Et de renchérir:«Il s’agissait aussi pour moi de faire connaître à la nouvelle génération ce pan d’histoire et corriger ce qui pouvait provoquer un dérapage…», a déclaré l’auteur du livre. Pour sa part et partant de ce livre, Youssef Sayah dénoncera la quasi-absence d’ouvrages recensés sur les moujahidate algériennes. «Cela se compte sur les doigts d’une seule main. Quand on lit les livres d’à côté, on remarque que Benjamin Stora n’en compte que six dans son livre, or chez nous ce travail n’est même pas fait. On recense juste 1100 fichiers, l’équivalent de 3% de la population. Beaucoup ne se sont pas declarées par pudeur. Rien n’est mentionné sur ces moujahidate, même pas ce qu’elles faisaient, ne serait-ce que la galette ou soigner les malades. Rien n’est dit sur elles. Mis à part la thèse de Djamila Amrane, il n’existe pas de travaux concernant la lutte des femmes, y compris dans leur quotidien, que ce soit en Tunisie, au Maroc ou en Algérie. Et même au niveau de l’autofiction c’est vaguement évoqué. Jusqu’à 1980, il y a très peu de choses.»

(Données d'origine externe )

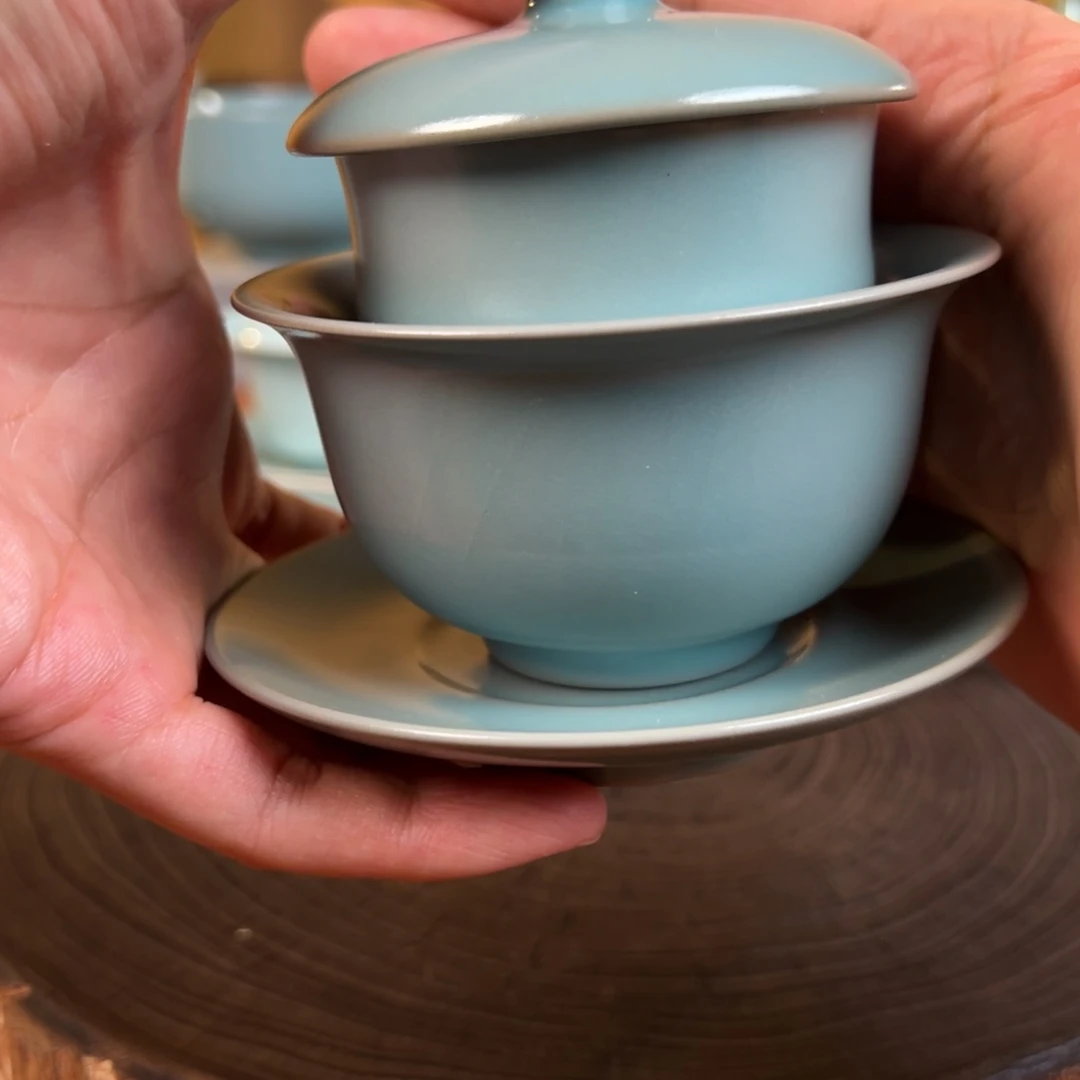 青***林瓷片仿古支钉无纹小元宝盖碗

Evoquant quelques noms d’écrivaines comme Maïssa Bey, qui aborde un peu l’histoire dans ses romans, Youssef Sayah, qui dénoncera aussi l’absence des figures féminines dans la cinématographie portant sur la Guerre dAlgérie, dira enfin qu’ «évoquer les moujahidates se limite souvent à leur statut en tant que femme et non pas de relever leur véritable parcours en tant que combattante». Il avancera le nombre de 150 ouvrages écrits par les hommes et très peu par les femmes. «Je suis une éternelle révoltée», finira par dire Annie en réponse à une question d’une journaliste relative à la situation actuelle de la femme en Algérie. «On n’avait pas peur de mourir. Qui est prêt à mourir aujourd’hui?»